RE: Security hole at boot

  • From: Dar Scott <dsc@xxxxxxxx>
  • To: "[ISAserver.org Discussion List]" <isalist@xxxxxxxxxxxxx>
  • Date: Tue, 1 Jan 2002 14:24:31 -0700




At 10:57 AM -0800 1/1/02, Jim Harrison wrote:
I wouldn't mess with the services start codes; those directly relate to how
the services start up (automatic, manual, disabled).

0 boot 1 system 2 auto 3 manual 4 disabled

changing that data
will have very unpredictable effects.

Yeah. That's why I was asking folks about this.

As far as dependencies, ISA still depends on the bas TCP/IP services; that's
why the dependencies exist as they do.

That's true. But if I approach this as keeping the window between TCP/IP starting and ISA IP Filtering started to a minimum, I want to know what has to start in between. Basically, I want the SCM to start ISA IP Filtering as soon as it can, to force it to start before all TCP using services.


Unfortunately, dependencies are driven by the service doing the depending, not the service inserting a level in below.

The thing to bear in mind here, is that until Windows is finished its
startup, no services are answering even if the TCP/IP ports are showing
"active".

Let's see. I got time & date before. I can telnet and dir. I can pcAnywhere and get the desktop. I didn't get far with any since I was doing both, but with scripts I could.
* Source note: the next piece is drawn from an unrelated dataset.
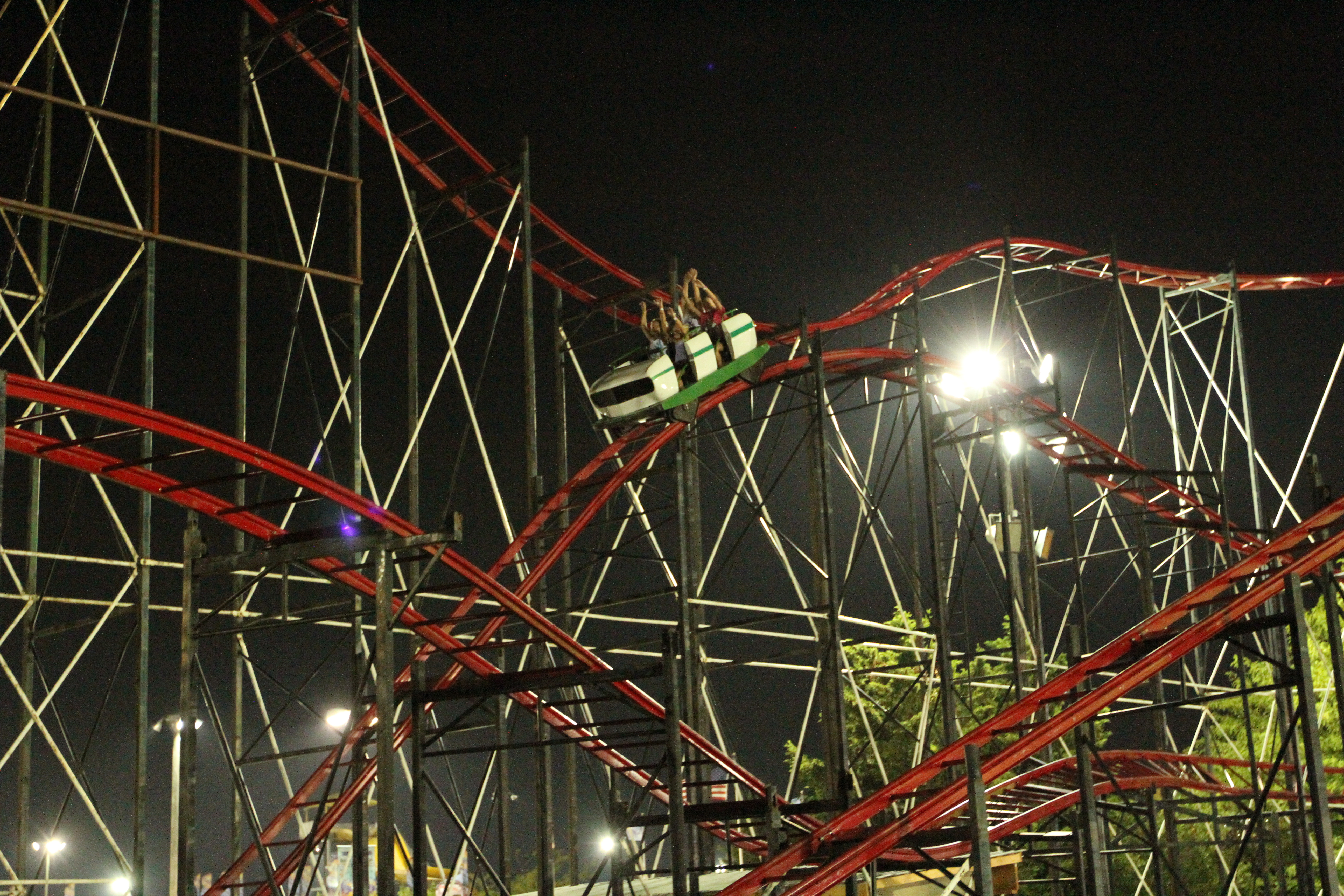 a red roller coaster at night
Those are two different issues.

Even so, traffic like AV file requests give away what type of Anti-virus I'm using and might present a chance for a bogus AVdef file to be sent back.


If you can actually obtain more data than OS fingerprinting, I'd love to
know what you get.  That would certainly be something to pass on to the ISA
and/or Windows teams.

I admit that this is a vulnerability that is only half way. The other half might be something already known, like knowing passwords normally used from the inside, or the other half is gained because of what is learned from this vulnerability. Just knowing what services are running on the computer can be an edge in a social engineering attack. Also, services on the average are running only during the last half of that minute window. However, I see it as not having a firewall for up to a minute.


The ISA team may have to be the one to solve it, but I see it as a Windows problem. IPSec Policy filters have this same problem. So does another firewall. (If the ISA team solves it, it might be an ISA specific solution, so a general solution might be better.)

(For that other firewall, I see a 2 or 4 second window at shutdown, too.)